Twelve teams of two people each Ñ a minority attorney paired with an MBA officer or member Ñ have been meeting individually on a monthly basis to get familiar with each other before heading into the schools, including the University of Massachusetts at Dartmouth and Cambridge Rindge and Latin High School.

Specifically, the task force wants minority students to consider pursuing legal careers. More broadly, the goal is to instill teenagers with an appreciation for the ways the legal profession affects their lives Ñ even if they don't want to be a lawyer or judge.

"We want to highlight the stories of individuals and highlight how so much progress has been achieved over the years with people working together," Yarashus said. She noted, for example, that Massachusetts was the first state to rule that slavery violated its state Constitution.

The task force is reaching out to minority bar associations in the state to collaborate on the effort, and ideally, minority judges will join the teams speaking in the schools.

"We're going to reach out all across the state and reach a variety of schools," she said, including colleges, where the task force hopes to form relationships with minority student associations on a number of campuses. "The long-term goal is that we'll get some continuity and go back to the same schools and build some familiarity and build a presence."

Harnais said it is crucial that the MBA commit itself to the diversity effort over the long term if any real headway is to be made.

"We can't think this is going to have a noticeable impact right away. It won't. But it's an important step in making a noticeable impact. It will make an impact down the road as long as it's consistently done," said Harnais. He noted that in recent meetings with MBA President Warren Fitzgerald, Yarashus and others, he's been convinced that the MBA leadership is committed to a long-term effort.

"The MBA's made it clear in my meetings with them that there's a long-term need," Harnais said. "They all show sincerity in what they're doing. It's refreshing to see people like Warren and people like Valerie taking the steps to do it."

In June, the task force plans to form an advisory group made up of minority judges and attorneys.
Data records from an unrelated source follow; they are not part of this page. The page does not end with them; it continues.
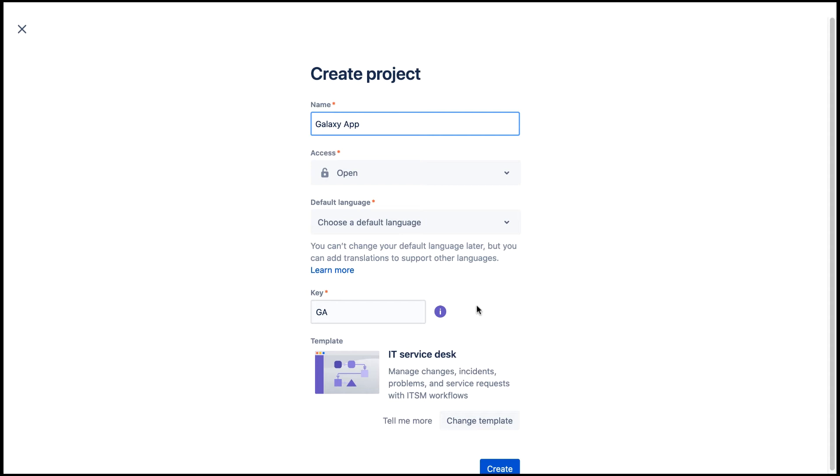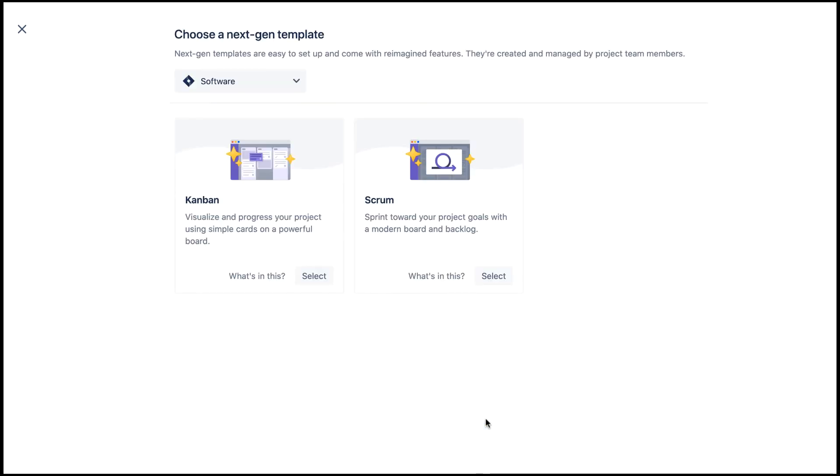We'll leave it as is and select change template. Here you see all the next-gen project templates available for Jira software on your site.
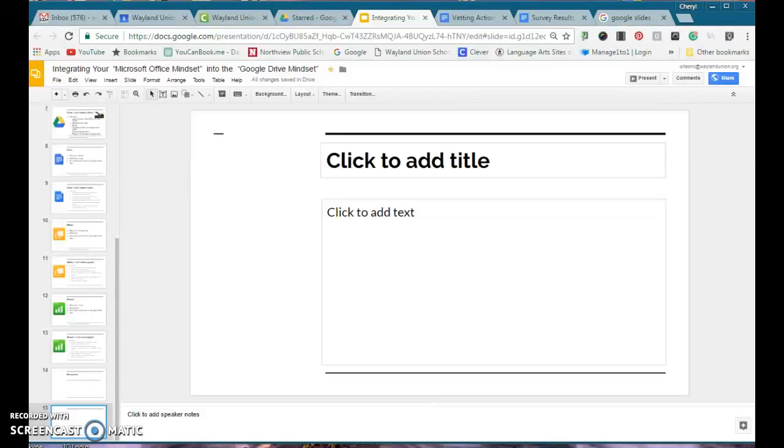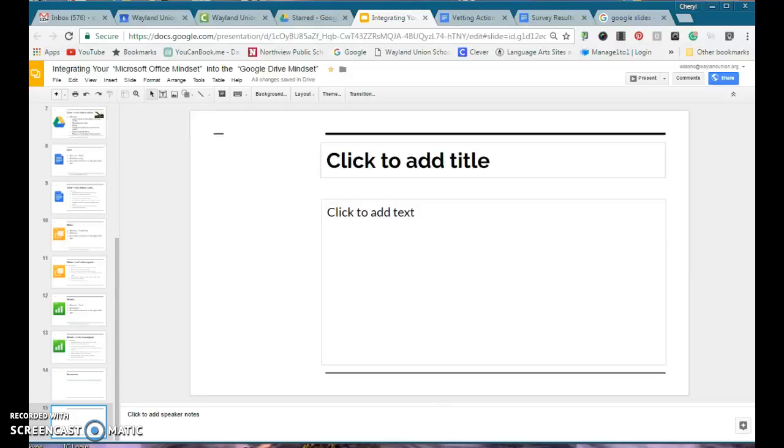Google Slides has added a new feature that I am in love with. Previously when you were using Google Slides and you wanted to insert a video, it had to be a YouTube video.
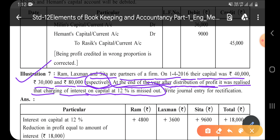If we forget to count an expense, it means our profit has increased more than it should. For example, suppose there is an electricity bill of 30,000 and due to some reason we didn't count it, then our profit will show 30,000 more than it actually is. But actually that's not the case — if we pay that bill later, our profit will decrease. So we need to find out how much expense was not calculated, due to which our profit is overstated.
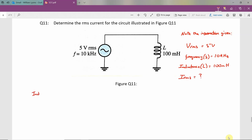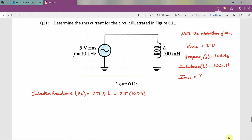The first thing we'll calculate is the inductive reactance, XL. The formula for inductive reactance is 2 pi times the frequency times the inductance, 2πFL. Plugging in the values we were given, we get 2π times a frequency of 10 kilohertz times an inductance of 100 millihenries. This gives an answer of 6.283 kilo ohms.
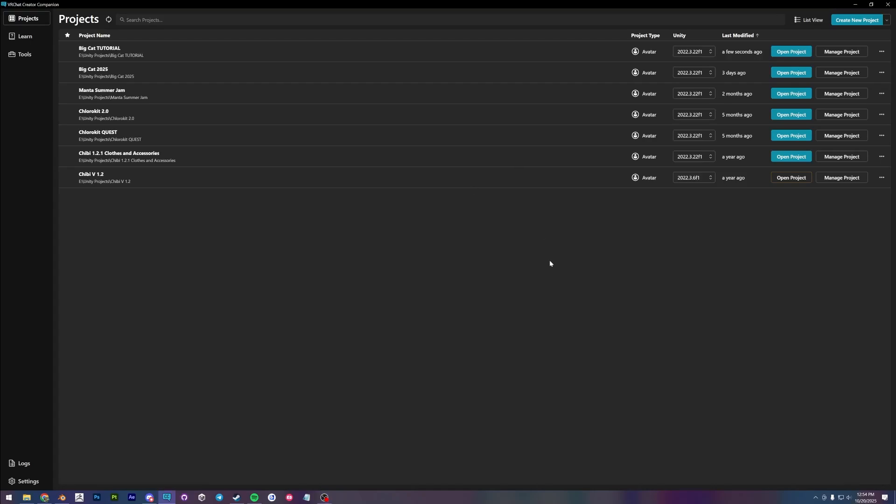Hello, this is going to be a short tutorial on how to set up the big cat avatar base that I launched recently. Let's get started.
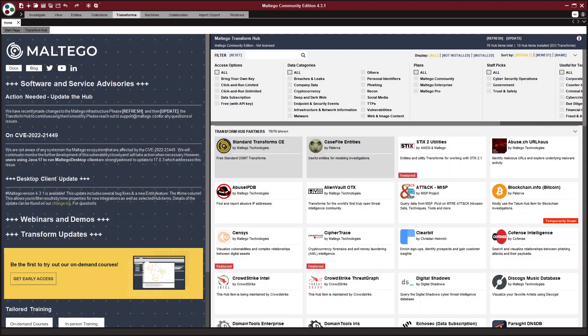Hi everybody, my name is Rae Baker, Wondersmith underscore Rae, and today I'm going to be talking about Maltego.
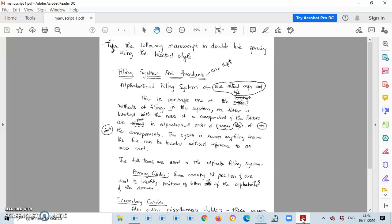So in this video I'll show you just that. Here I have a manuscript in front of me and I need to type what is here in Microsoft Word. The best way to do that is to split my screen, have each document side by side so that I can see what it is that I'm doing and type accordingly.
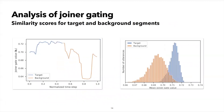We also looked at the similarity scores learned by the joiner gating method. Indeed, we found that these scores were higher for segments where the target speaker was speaking and lower for the background speech segments.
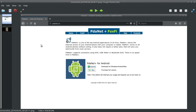I'm gonna do a quick video on PDA Net Plus. It's a program for Android phones that lets you share your phone data. It shares the internet access of your Android phone with your computer or tablet. PDA Net Plus works on all Android phones without rooting.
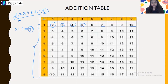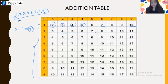We are adding digits from 1 to 9 with 1 to 9 itself. So 2 plus 1 is 3, 2 plus 2 is 4, 2 plus 3 is 5, 2 plus 4 is 6, 2 plus 5 is 7, and so on. 2 plus 9 will be 11. The same goes with all the other numbers in the table.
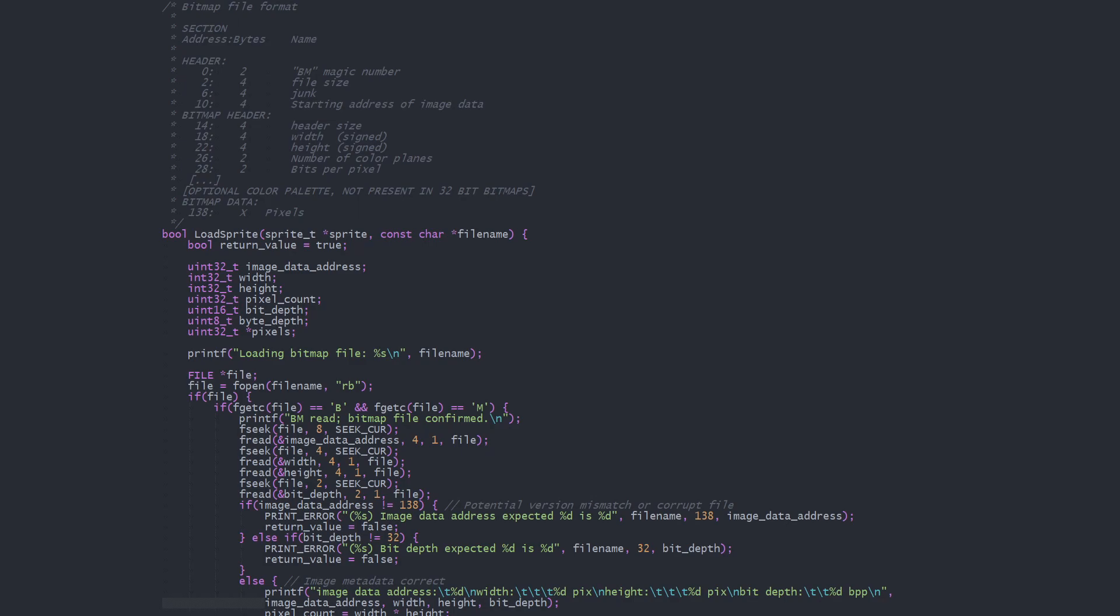There are actually four versions of the bitmap format, but I've written this code to only work with version 4, which has been standard since Windows 95.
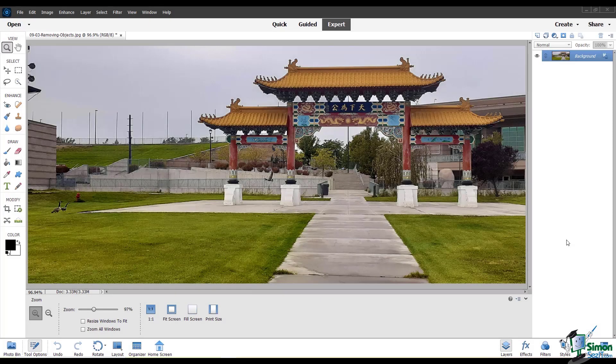In this module, I'll demonstrate some ways to remove unwanted objects from a photo. This is a useful skill that you'll very likely need to use at some point. Like most things in PSE, there are multiple ways to accomplish this task. I'll be using this photo of the Utah Cultural Celebration Center.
The task force is part of a larger MBA effort to promote and support diversity within the profession, including the membership and leadership of the MBA.

Yarashus, who will serve as vice president again in 2006-07, pointed to the Asian American Lawyers Association of Massachusetts annual banquet on April 6 as an example of the MBA's growing commitment to minority bar associations. The MBA was a sponsor and had a strong showing of representatives at the dinner, Yarashus said.

"We're actively working with minority bar associations on how to cooperate and increase participation," she said.